Without a prisoner’s dilemma, there is no incentive to voting yes for a marginal or mildly adverse offering (which was the only way the previous offering had any chance of passing).

This deal still stinks, but the removal of the $0.223/share carrot will remove votes in favour because (and this is my personal speculation) most of the shareholders are angling for the June 30, 2016 redemption.

So now, shareholders can vote against the proposal and face no “punishment” of having missed out on a consent payment.

Notably the consent payment for the intermediaries is still in effect – brokers will receive $0.1784/share for each vote in favour received by January 21, 2016 and $0.0892 by January 26; so if you are indeed in favour of this bad deal, it would be in your best interest to vote your shares at the actual meeting so the company doesn’t have to pay out consent payments to third parties!

The ability to redeem 15% of the shares on the original June 30, 2016 redemption date is “nice”, but not of material economic consequence. The subsequent tranche (14.45% of the original offering size) on June 30, 2018January 31, 2018 is long-dated enough that credit risk considerations come into play (for instance, the company’s credit facility would have to be renegotiated at this point and you would expect their subsidiaries would actually start making money at this point).

The increase of the dividend rate to 7.5% reflects the very weak trading performances of the other two preferred share issues (yielding nearly 12% at current prices). James Hymas has done a much better job than I could explaining the quantitative details of this component. Credit risk, especially by redemption time, becomes a huge factor in properly determining the course of action for this exchange offer. Dundee is good for a June 30, 2016 redemption through the unused portion of their credit facility. After this, who knows?
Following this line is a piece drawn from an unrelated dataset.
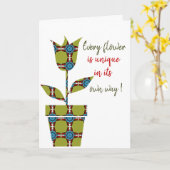 Carte de fleurs (Fleur jaune)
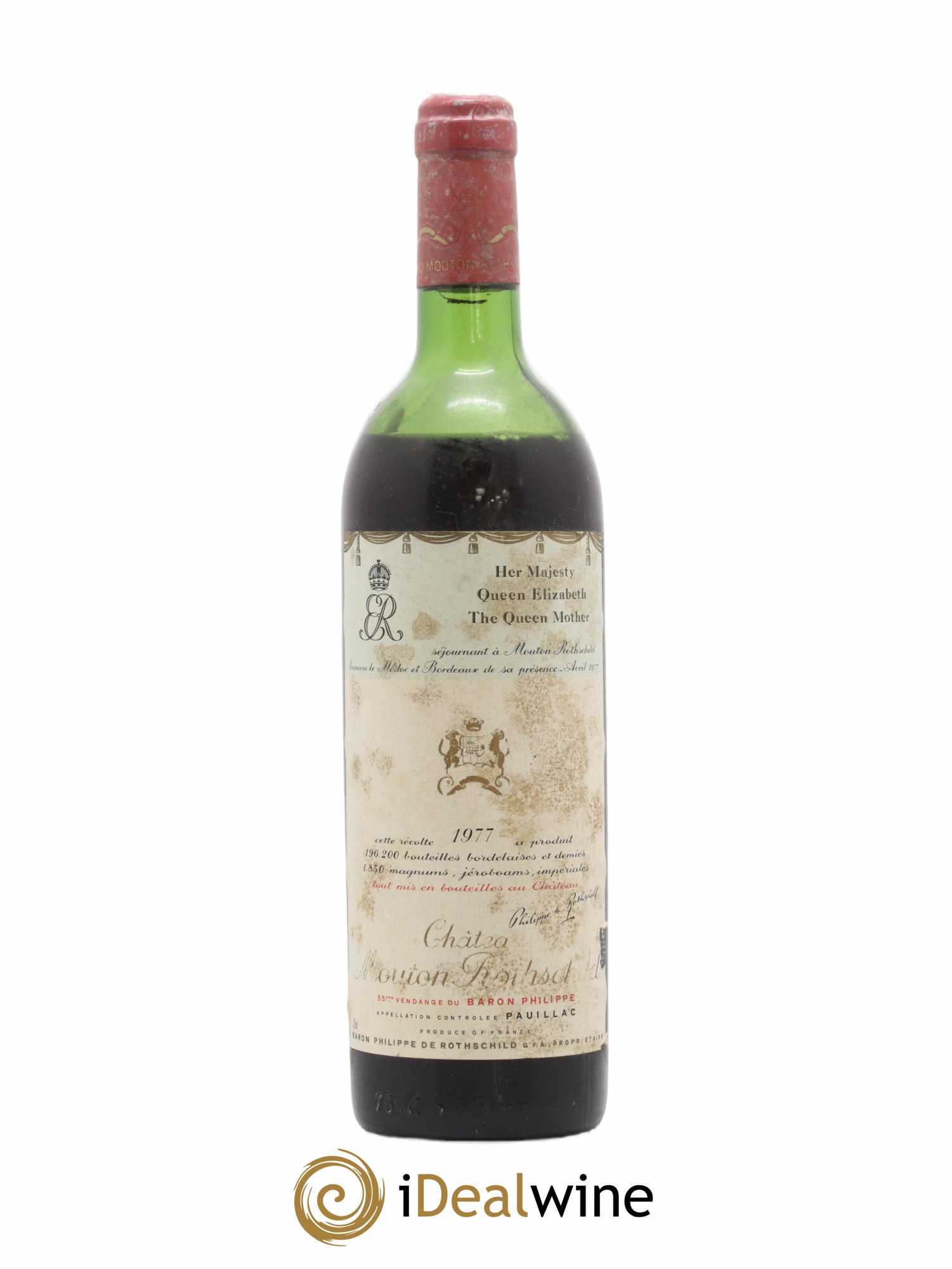 Château Mouton Rothschild 1er Grand Cru Classé 1977 - Lot de 1 bouteille - 0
I will attempt to ballpark a valuation of the warrants. The company stated the warrants would be listed on the TSX if the exchange offer is accepted and this would give preferred shareholders a venue to liquidate for immediate cash proceeds. While the historical volatility of Dundee common shares as of the past 30 days has been around 80%, their at-the-money options currently trade at an implied volatility of 42%. Using Black-Scholes valuation (which is not the best way to value long-dated options, but is good enough for paper napkin purposes such as this post) we get an option value of $1.84/share, or about 46 cents per preferred share (as each share would receive a quarter warrant).

Using some more formal methods involves different results – if you are that bullish on Dundee’s common stock, why bother playing around with the preferred shares when you can simply buy the common shares or even the other preferred shares?

Doing some simple sensitivity analysis, if Dundee traded to $8 (25% higher) between now and the January 28, 2016 special meeting, the implied value of the warrants per preferred share would be approximately 83 cents (50 cents intrinsic value and 33 cents time value), assuming implied volatility doesn’t drop (in reality – it would slightly). 83 cents does not come close to mitigating the capital losses that have occurred between the initial offering (when shares were trading at CAD$17) and when the exchange offer was proposed. Right now preferred shareholders are sitting on a $2.60 drop in market value and this exchange offer will come nowhere close to compensating them even with the increased coupon and partial early redemption rights.

I also find this statement to be amusing:

The determination of the Board of Directors is based on various factors, including a fairness opinion prepared by GMP.

Apparently the original exchange offer was fair, but the amended one is as well! Is there any offer that wouldn’t be considered fair by GMP?

Conclusion

Preferred shareholders have an even easier decision this time around – vote against the offer. It is still terrible compared to the existing Series 4 preferred shares.

As I have disclosed in my prior post, I sold out my DC.PR.C position between $17.20-$17.44/share in late November/early December. I’m a spectator at this point.

Update January 9, 2016: The initial part of this post had the second redemption date as June 30, 2018 when it should be January 31, 2018. The above has been corrected and the 5 month difference does not materially change the above analysis.